James Maude, senior security engineer at Avecto, told SCMagazineUK.com that the increase in the popularity of Macs in the workplace and with individuals that is driving cyber criminals to create malware for OS X.
“This problem has been building for a number of years, but 2015 has been a real turning point in terms of the volume of malware. Our malware labs are increasingly seeing OS X variants of common threats, although still nowhere near the volume of Windows threats,” he said.
Mark James, security specialist at IT security firm ESET, told SC that from a malware writer's point of view there is no point in investing time and effort into a platform that is not going to deliver the results worthy of their initial investment. “Tag that alongside the worrying amount of users that have no software security to protect them thinking their platform is targeted less so therefore possess less risk,” he said.
Maude said the increase in popularity has been a driving factor, however it is not necessarily the case that it's easier to find flaws in OS X.
“It's more that until now very little research effort has been invested in the platform. Traditionally Macs have been seen as more secure due to the lack of reported vulnerabilities and malware, however following recent reports of Mac vulnerabilities, many organisations are beginning to question how secure OS X really is now,” said Maude.
James added that a lot of the attacks used so far on the OS X are not that sophisticated, “something that will certainly change once users catch on and start taking OSX malware as serious as Windows users."
The increase in the amount of malware didn't mean that features such as Gatekeeper on the Mac were useless.
“When configured on a stricter setting, Gatekeeper is good for filtering out many of the common malware threats, but users often ignore warnings or bypass restrictions with admin rights. Although it can't be relied upon for defence, it does have a part to play,” Maude said.

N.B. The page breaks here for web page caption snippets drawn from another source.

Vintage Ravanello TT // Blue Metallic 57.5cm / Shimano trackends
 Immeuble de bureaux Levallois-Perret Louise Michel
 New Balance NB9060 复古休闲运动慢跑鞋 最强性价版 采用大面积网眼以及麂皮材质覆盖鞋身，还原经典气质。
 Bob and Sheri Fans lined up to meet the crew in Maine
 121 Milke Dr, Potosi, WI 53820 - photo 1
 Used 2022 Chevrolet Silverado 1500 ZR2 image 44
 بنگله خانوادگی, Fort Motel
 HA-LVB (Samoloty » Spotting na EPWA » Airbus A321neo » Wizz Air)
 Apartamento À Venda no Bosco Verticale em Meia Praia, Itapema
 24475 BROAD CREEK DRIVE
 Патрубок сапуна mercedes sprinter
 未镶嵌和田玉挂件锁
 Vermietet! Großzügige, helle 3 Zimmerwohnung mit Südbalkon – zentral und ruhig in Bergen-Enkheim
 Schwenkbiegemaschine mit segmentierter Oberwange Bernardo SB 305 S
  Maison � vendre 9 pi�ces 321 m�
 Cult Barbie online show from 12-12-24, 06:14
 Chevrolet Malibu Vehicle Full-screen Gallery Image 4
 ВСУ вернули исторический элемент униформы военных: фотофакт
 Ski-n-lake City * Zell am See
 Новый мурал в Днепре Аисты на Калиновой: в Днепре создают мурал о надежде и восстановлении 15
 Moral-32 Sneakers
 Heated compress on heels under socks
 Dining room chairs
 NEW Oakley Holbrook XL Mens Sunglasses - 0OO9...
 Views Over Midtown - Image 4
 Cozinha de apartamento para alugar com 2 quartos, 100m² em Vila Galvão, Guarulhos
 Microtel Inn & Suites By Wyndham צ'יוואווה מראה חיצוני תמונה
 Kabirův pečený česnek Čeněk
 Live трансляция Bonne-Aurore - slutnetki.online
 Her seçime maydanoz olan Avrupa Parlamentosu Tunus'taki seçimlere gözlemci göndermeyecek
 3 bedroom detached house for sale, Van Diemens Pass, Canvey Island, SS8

But he added that one issue Macs have with security is the lack of tools to manage Macs in a corporate environment. “This lack of resource gives users with admin rights the opportunity to install any software they want, therefore vastly increasing the attack surface and risk. Organisations need to treat OS X the same as Windows and introduce controls with privilege management and application control,” he said.
James said the way to protect against Mac malware is the same as Windows. “Ensure your operating system is up to date, make sure you have good quality, regularly updating, security software on your OS X endpoints and your users are educated on how and where these attacks happen. Data management and network monitoring will help flag anything that could indicate an early warning that something is going wrong."